### AIM OF THE TASK
Everything from the line containing "Белый Рено Меган, объемом" through the last line of the material below is to be copied exactly, ends included.

[Opening DATA SUPPLIED section]

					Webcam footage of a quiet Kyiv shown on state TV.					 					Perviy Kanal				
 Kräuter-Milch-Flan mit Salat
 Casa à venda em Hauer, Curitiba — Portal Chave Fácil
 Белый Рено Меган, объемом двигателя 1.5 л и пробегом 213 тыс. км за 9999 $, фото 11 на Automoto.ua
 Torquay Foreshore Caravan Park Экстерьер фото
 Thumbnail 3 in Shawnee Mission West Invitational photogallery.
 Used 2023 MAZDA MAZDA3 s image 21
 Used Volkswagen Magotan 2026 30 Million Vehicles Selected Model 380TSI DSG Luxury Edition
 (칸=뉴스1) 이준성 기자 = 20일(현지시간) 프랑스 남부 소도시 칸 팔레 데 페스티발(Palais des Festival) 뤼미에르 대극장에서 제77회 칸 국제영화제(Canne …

[Closing DATA SUPPLIED section]

### ANSWER FOR THIS EXERCISE
 Белый Рено Меган, объемом двигателя 1.5 л и пробегом 213 тыс. км за 9999 $, фото 11 на Automoto.ua
 Torquay Foreshore Caravan Park Экстерьер фото
 Thumbnail 3 in Shawnee Mission West Invitational photogallery.
 Used 2023 MAZDA MAZDA3 s image 21
 Used Volkswagen Magotan 2026 30 Million Vehicles Selected Model 380TSI DSG Luxury Edition
 (칸=뉴스1) 이준성 기자 = 20일(현지시간) 프랑스 남부 소도시 칸 팔레 데 페스티발(Palais des Festival) 뤼미에르 대극장에서 제77회 칸 국제영화제(Canne …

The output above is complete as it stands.